Ganoderma triterpenoids (GTs) are one of the main chemical components isolated from G. lucidum (Galappaththi et al. 2022). These triterpenoid compounds have complex and variable structures, and can undergo carbon reduction, ring opening, or rearrangement. Based on the number of carbon atoms in the skeleton, GTs are divided into three types, namely C30, C27, and C24-type (Gong et al. 2019). Among them, three C27-type nortriterpenoids, including lucidenic acid A, B, and C, were first discovered, and subsequently, C24-type nortriterpenoid compounds were identified, such as lucidones A, lucidones B, lucidones C, and lucidones H (Galappaththi et al. 2022). Compared with C30-type triterpenoids in G. lucidum, these C27- and C24-type nortriterpenoids are derived from lanostane-type triterpenoids with degraded side chains. However, little is known about the biosynthesis of C27-type and C24-type nortriterpenoids from lanosterol. Previous report has speculated the biosynthesis of one C24-type nortriterpenoid. The precursors ganoderic acid and its esterified derivatives underwent oxidation to form intermediates (such as lucidone A and lucidone D), which were further converted into lucidone J and lucidone K through addition reactions. Then, the compound lucidone K generated the C24-type nortriterpenoid lucidone I through elimination and addition reactions (Chen et al. 2017).

Conclusion and prospects

The distinctive structures and activities of noncanonical terpenoids have attracted extensive attention. The current approaches for the biosynthesis of noncanonical terpenoids primarily involve two strategies: (1) The biosynthesis of noncanonical terpenoids can be achieved by harnessing specific methyltransferases that utilize IPP, GPP, and FPP as starting substrates.
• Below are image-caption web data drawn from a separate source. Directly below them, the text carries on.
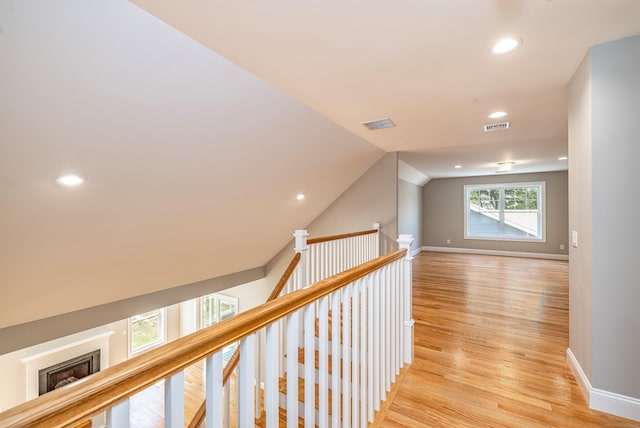 6 Kaatskill Ln, East Lyme, CT 06357 - hallway with light wood finished floors, recessed lighting, lofted ceiling, and an upstairs landing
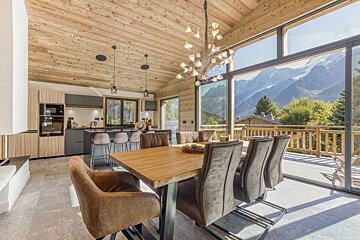 A modern, open-plan chalet interior with a dining area, kitchen, and large windows revealing breathtaking panoramic mountain views.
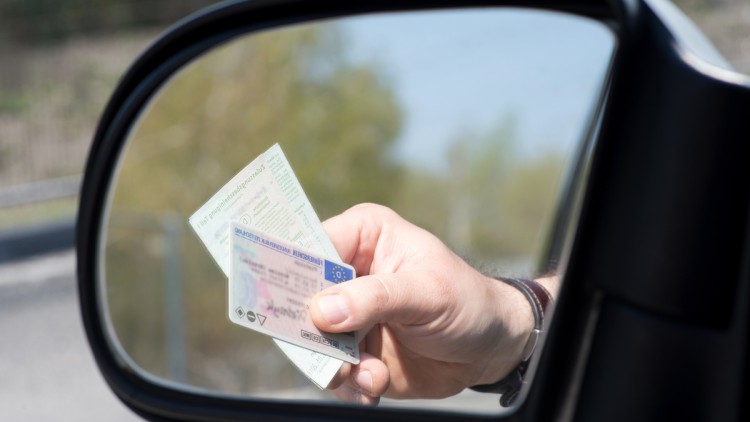 Im Bild sieht man in einem Rückspiegel eine Hand, die Führerschein und Fahrzeugpapiere aus dem Fenster hält, möglicherweise im Rahmen einer Kontrolle
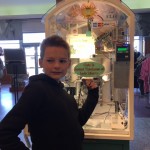 AJ got a souvenir coin than is the thickness of two pennies, just like the statue.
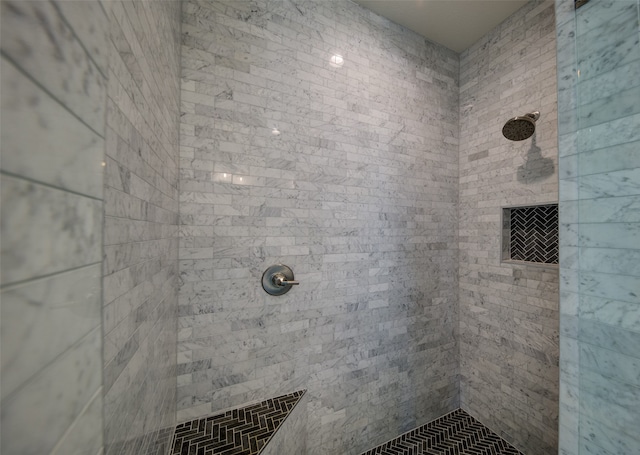 bathroom with a tile shower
Alternatively, protein engineering techniques can be employed to modify these methyltransferases, enabling the synthesis of noncanonical terpenoids with varying chain lengths, such as C6, C7, C11, C12, and C16; this approach expands the diversity of terpene skeletons; and (2) Triterpenoids can be synthesized without the need for squalene as a substrate. This innovative approach enhances our understanding of the biosynthesis of terpenes in biological systems. Analyzing the biosynthetic pathways of noncanonical terpenoids and studying the functions of related enzymes allow access to a large number of key intermediates and elucidation of rare catalytic mechanisms. These discoveries serve as a robust foundation for subsequent large-scale preparation of these noncanonical terpenoids using synthetic biology and the exploration of new noncanonical terpenoids.

Future research on noncanonical terpenoids will be devoted to the identification of novel carbon skeletons and catalytic mechanisms, and the discovery of their bioactivities, with a focus on the following prospects: (1) Comprehensively analyzing the genomes of microorganisms and plants using high-throughput sequencing technology can excavate novel catalytic enzymes and biosynthetic pathways, facilitating the discovery of new types of noncanonical terpenoids; (2) Achieving the refined and modular design of biosynthetic pathways for noncanonical terpenoids and in-depth analysis of natural synthetic pathways can lead to the discovery of more efficient and controllable synthetic routes to realize the precise synthesis of target products; (3) Increased research on the biological activities and pharmacological effects of noncanonical terpenoids can fully stimulate their antimicrobial, antitumor, and antioxidant effects; (4) Integration of cutting-edge technologies, such as big data, artificial intelligence, and machine learning, can enable more accurate prediction and verification of biosynthetic pathways of noncanonical terpenoids.